Traditionally guests bring gifts of lucky money in red envelopes and are given eggs that have been dyed red, which symbolize happiness and the renewal of life. The color red is considered to be lucky. Red ginger is important because in the yin (cold) and yang (warm) balance of food, it adds a touch of heat and is considered to be very healthy. I stuck with the ginger as who wants to fill up on hard boiled eggs when there are mounds of delicious food to be conquered?
This little piggy adds another layer of symbolism as little MJ was born in the lunar year of the pig. We arrived a little late, but I bet this was a big pile o’ pork when it was served. This was one large pig and I still can’t figure out how they got such a beast so crispy on the outside… a humongous deep fryer, a gigantic walk-in oven? It boggles my mind!
I had really good timing because they just refilled the Spicy Fried Chicken Wings right when I pulled up to the buffet line. These had the classic characteristic of well fried foods where the marinade and juices cook and infuse the meat and are sealed within delicately crispy skin.
There was a time when I came Le Cheval just for the Cube Beefsteak, which are tender morsels of tenderloin (shaped like dice) marinated in a sweet garlic mixture and then quickly pan fried on high flame until medium rare and the sugar caramelizes. It is stir-fried with a sweetly acidic sauce and served with a peppery citrus dip and is a delicious combination that is an explosion of fresh clean flavors. The best thing about a buffet is that you can go back and get more of what you like…
A variety of zesty condiments from the left, a savory peanut sauce for the fresh spring rolls, Nuoc Mam which is a sweet chili garlic that is good on everything, and the Citrus Pepper sauce for the beef.
Orange Flavored Chicken, breaded and fried with a spicy sweet and sour sauce.
With all of the meaty dishes, it was good that there was Sauteed Garlic Green Beans with Red Onion at least feel like you are eating something light and healthy. The beans were still crisp and fresh tasting.
Simmer Fried Eggplant with Tofu in their special sauce
Fried Rice with Chinese Sausage was fluffy and fragrantly perfect. Shame on me, there were a few dishes I missed including noodles, the fresh spring rolls, a curried fish dish that were down to dregs when I passsed through the buffet…
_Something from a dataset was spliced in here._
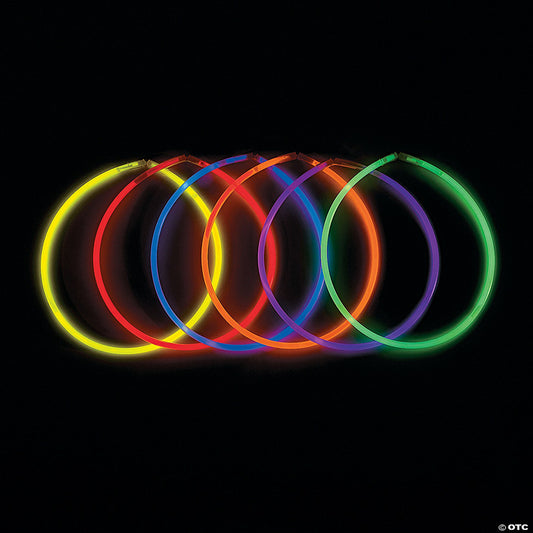 Per Dozen: 22" Glow-in-the-Dark Plastic Necklace Party Pack - 12 Pc. | USA Decoration®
They had four different cakes, and again I happened to be there just as they set out fresh slices and I grabbed a huge corner piece which means extra frosting and goo!
And it had a delectable creammy strawberry filling but I was overwhelmed by my piggy choice with so much frosting… The guest of honor made an appearance just as we were leaving. She had been peacefully sleeping on her auntie’s shoulder but when she woke up, she was ready for a snack and began loudly proclaiming this fact to her gathered fans and was quickly whisked off to a private dining area.
Mr. K and I both agreed that it had been way too long since we had visited Le Cheval, and as far as we could tell the food is still vibrantly flavored and deliciously fresh tasting. When I started out writing this post, I went to the website and was very excited to see that they have expanded and now have locations in Berkeley and Walnut Creek. What really caught my attention is the description of a couple of feasts that they serve: Five Courses of Seafood ($20 per person) and Seven Courses of Beef ($27 pp). They describe the Vietnamese feast as consisting of five different flavors, plain, salty, bitter, sweet and sour. Combining the flavors keep your palate’s desire in balance and harmony.
I have always admired this dragon carving in the entryway and look forward to seeing it again when we come back to restore our balance and harmony with 7 courses of beef.